Chroniques

par bertrand bolognesi

Ingo Metzmacher dirige l’Orchestre de Paris
Benjamin Britten | War Requiem Op.66

Salle Pleyel, Paris
- 21 janvier 2010
© mathias both

Fascinant d’austérité, une austérité contribuant à son impact dramatique, le War Requiem de Britten demeure une page aussi fameuse que rare. Convoquant un grand effectif dont elle use avec parcimonie, l’œuvre ne cesse de questionner les artistes quant aux lieux où la jouer. Conçu pour la consécration de la nouvelle cathédrale de Coventry (détruite par les bombardements) où il sera créé au printemps 1962, ce Requiem de guerre spatialise symboliquement l’usage qu’il fait de ses forces, de sorte que son exécution en salle de concert pose plus d’un problème. Mais le donner dans une église – on se souvient de l’interprétation magistrale de Kurt Masur à la Basilique Saint Denis [lire notre chronique du 4 juillet 2007] – induit d’autres désagréments, le fondu parfois brouillons des sources sonores n’étant pas des moindres. Que faire ? Ici, assez judicieusement, le chœur d’enfant est placé dans les galeries d’accès de l’orchestre et le soprano siège en tribune, légèrement en exergue, tandis que l’orchestre apparaît en sa masse, sans distinction des groupes d’intervention. « Groupes d’interventions »… voilà un drôle de terme pour parler de musique, convenons-en, terme qui pourrait bien ressembler à brigades, tant qu’on y est, le message de paix de cette vaste messe profane en étant porté par autant d’ambassades instrumentales.

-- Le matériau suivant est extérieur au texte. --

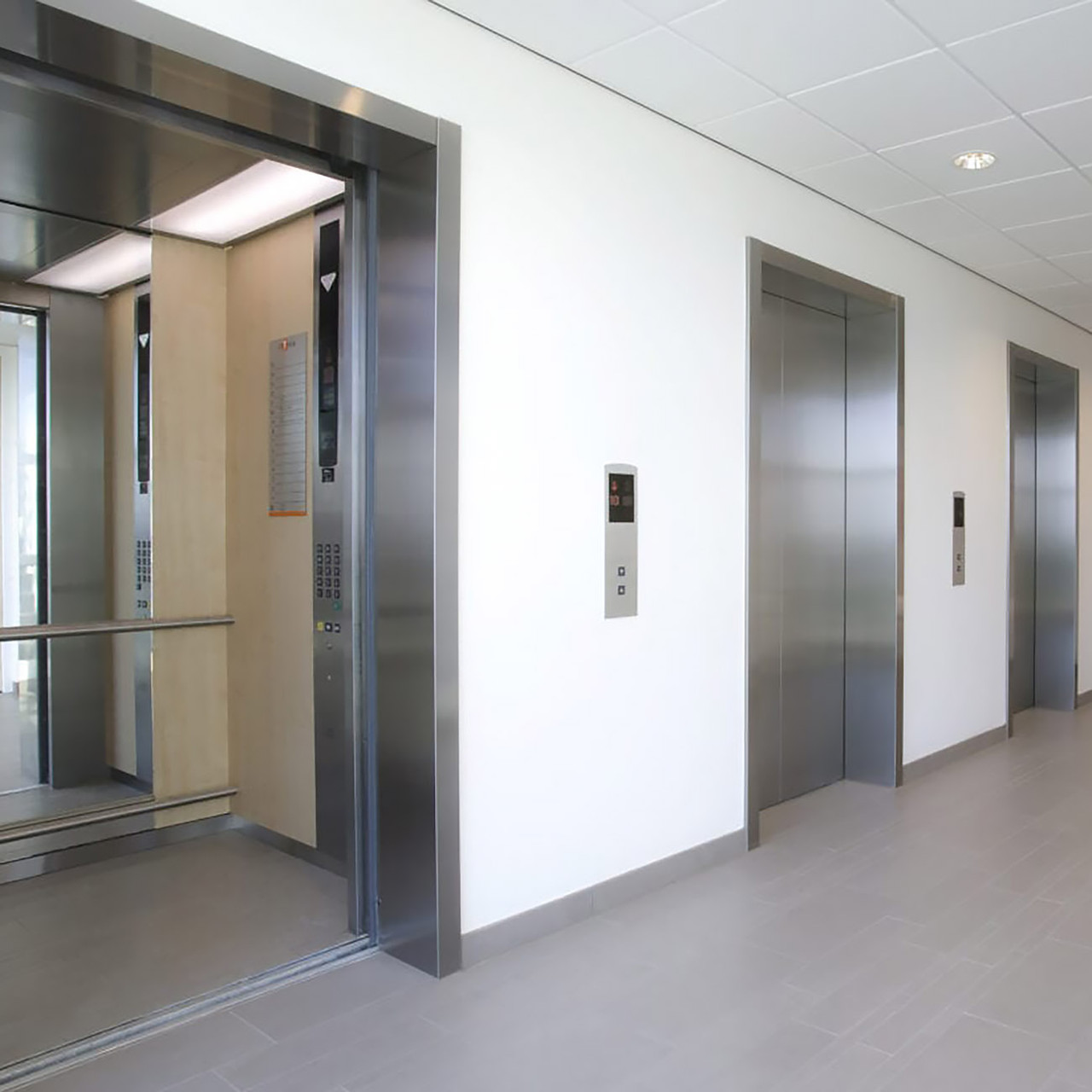 Повнокомплектний ліфт Mitsubishi Nexiez-MRL без машинного приміщення, фото 1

Ingo Metzmacher ouvre le Requiem aeternam dans une gangue recueillie où tout s’articule en une extrême définition, une remarquable intelligibilité de lecture, également vérifiable pour les interventions du Chœur de l’Orchestre de Paris, parfaitement préparé par Didier Bouture et Geoffroy Jourdain (Kyrie impeccablement étale). Soignant particulièrement les équilibres, le chef allemand ciselle le geste au plus proche de l’intention musicale. Après le texte latin du chœur, les vers de Wilfred Owen, à l’antithèse du patriotisme aveugle de ses contemporains, bénéficient de l’impact clair et sainement projeté du ténor Paul Groves dont le chant ose des nuances d’une infinie tendresse. On saluera également la précision et la couleur des sonneries de cuivres, typiquement britteniennes, introduisant le vaste Dies Irae dont Meztmacher respire magnifiquement le silence, gérant l’espace acoustique à l’écoute plutôt qu’à la jauge de la notation (tout en la respectant, cela va de soi). Le contraste se révèle ici plus marqué, dans une dynamique toujours inventive.

« Bugles sang, saddening the evening air… », appuie la partie de baryton…
Un baryton ici normalement distribué, comme en témoignent, tout au long de l’exécution, émission maniérée, style ampoulé, phonation des plus lourdes dont la pâte change dangereusement selon le registre convoqué. Matthias Goerne ne convainc pas, avec un grave écrasé, un haut-médium pourtant plus clair, intéressant, même, et une approche tellement en contrôle qu’elle ne libère jamais le chant, encore moins la musicalité.

À l’inverse, le soprano Indra Thomas livre un chant à la vibrante autorité, dans une rare opulence de moyens, auquel répond le relief du chœur. L’aigu est imposant, impressionnante la fiabilité des intervalles, et la déclamation saisissante. Après la subtile lumière chorale du Recordare, le baryton nie, tout simplement, la légèreté spécifique requise, sans compter une diction rendant le texte incompréhensible – n’en parlons plus, cela vaut mieux ! La richesse expressive d’Indra Tomas s’affirme plus encore dans le Lacrymosa, directement prenant, mariant la palette de nuances avantageusement développée de Paul Groves dans l’entrelacs latin/anglais que ponctuent les cloches, pur moment d’émotion.

Notons encore les appels de véritable pythie du soprano américain dans le Sanctus, l’indicible souplesse du ténor dans l’Agnus Dei, modulant des mixités savantes, un Libera me où littéralement impossible devient le baryton, enfin le retour de l’Introït doctement exploité par Ingo Metzmacher, malgré un chœur dont commencent à fatiguer les voix masculines.

Malgré les quelques réserves émises, c’est un fort beau War Requiem qu’ont offert musiciens et choristes de l’Orchestre de Paris, ce soir, ainsi que les jeunes gens de la Maîtrise de Paris.